**Assignment**: Down to the last line, set down the material below exactly; skip the pictures.

**Dataset content**:
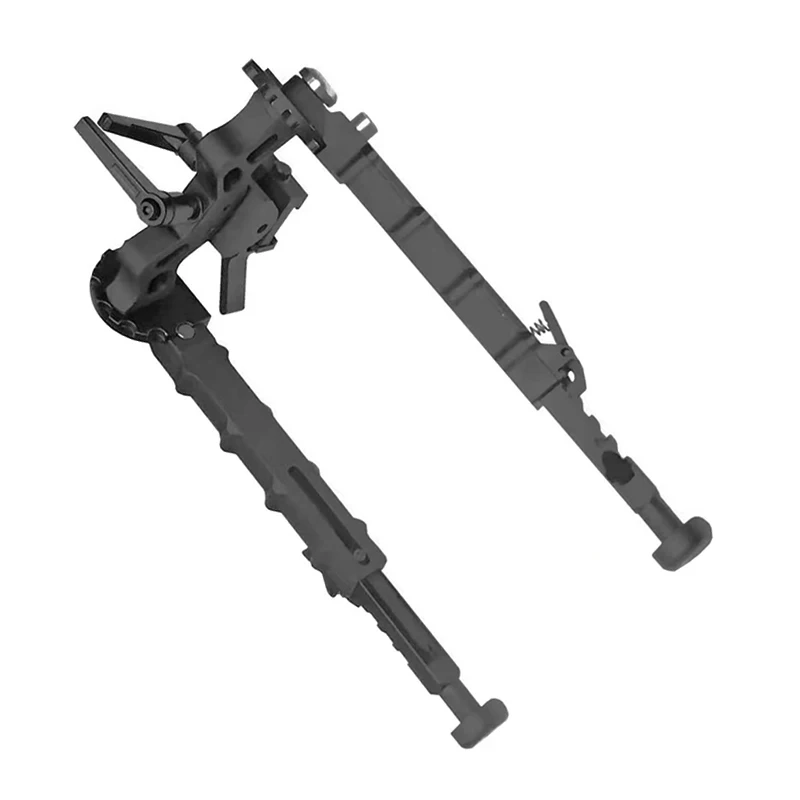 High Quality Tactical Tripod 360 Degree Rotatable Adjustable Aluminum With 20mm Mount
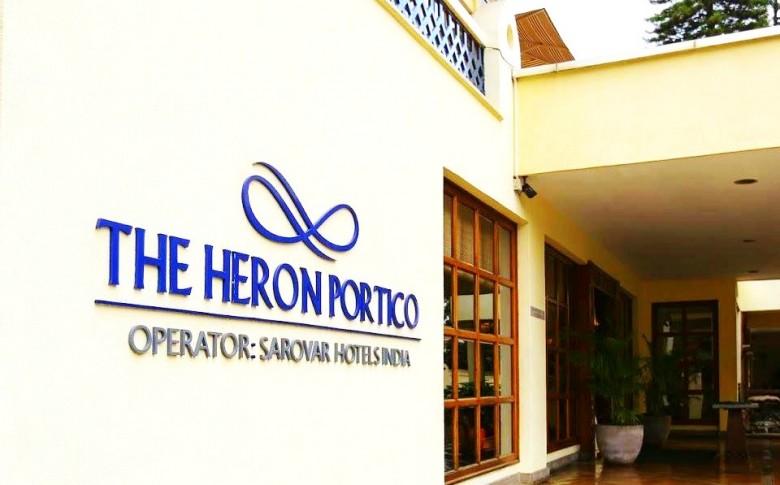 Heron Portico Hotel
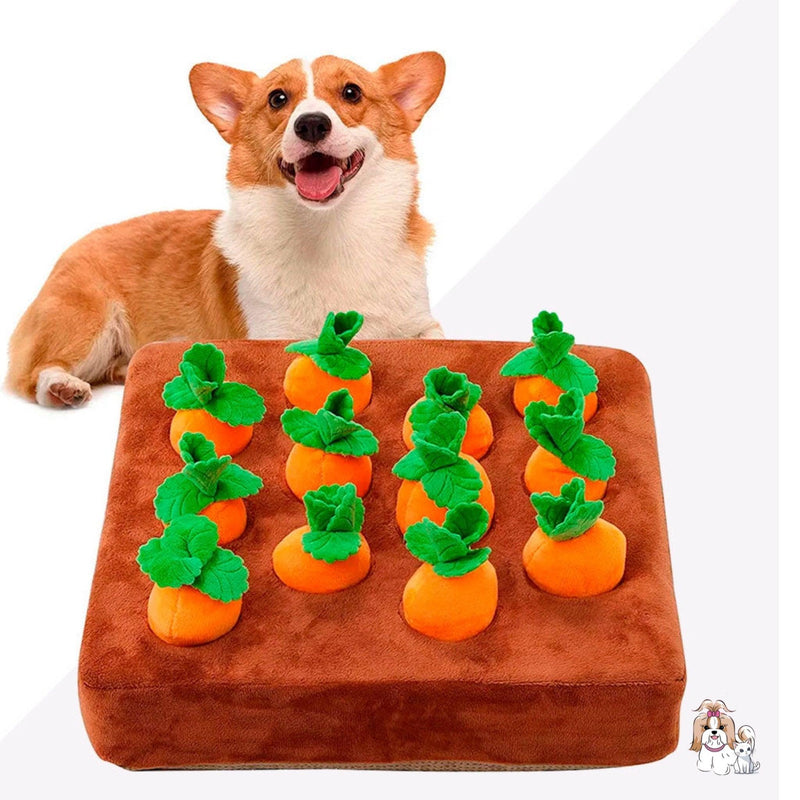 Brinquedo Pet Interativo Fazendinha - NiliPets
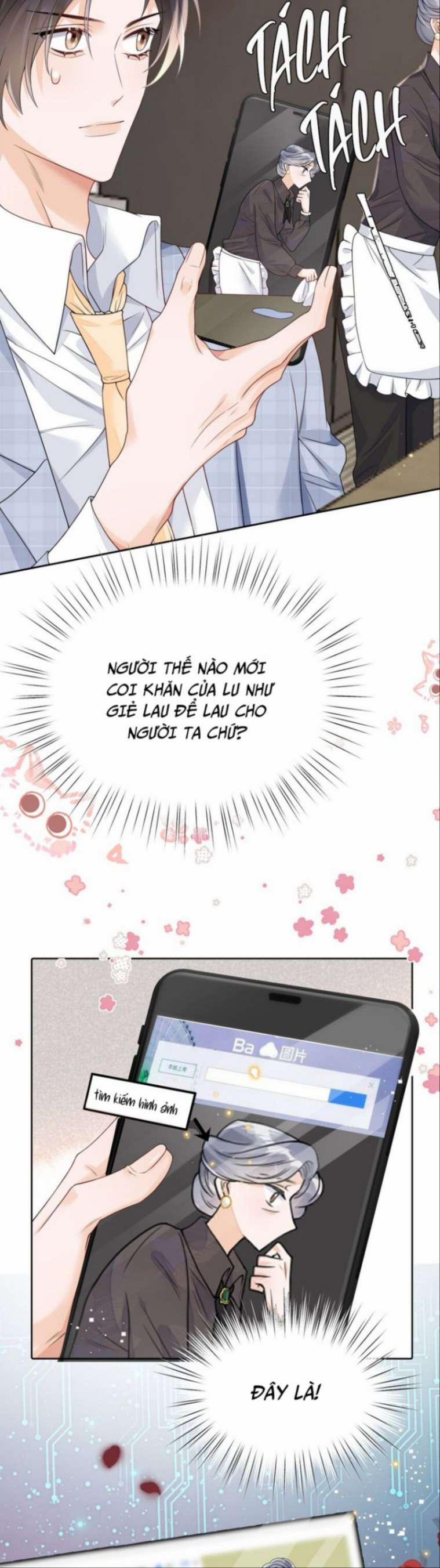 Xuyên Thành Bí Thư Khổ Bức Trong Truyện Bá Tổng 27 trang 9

**Your solution**:
 High Quality Tactical Tripod 360 Degree Rotatable Adjustable Aluminum With 20mm Mount
 Heron Portico Hotel
 Brinquedo Pet Interativo Fazendinha - NiliPets
 Xuyên Thành Bí Thư Khổ Bức Trong Truyện Bá Tổng 27 trang 9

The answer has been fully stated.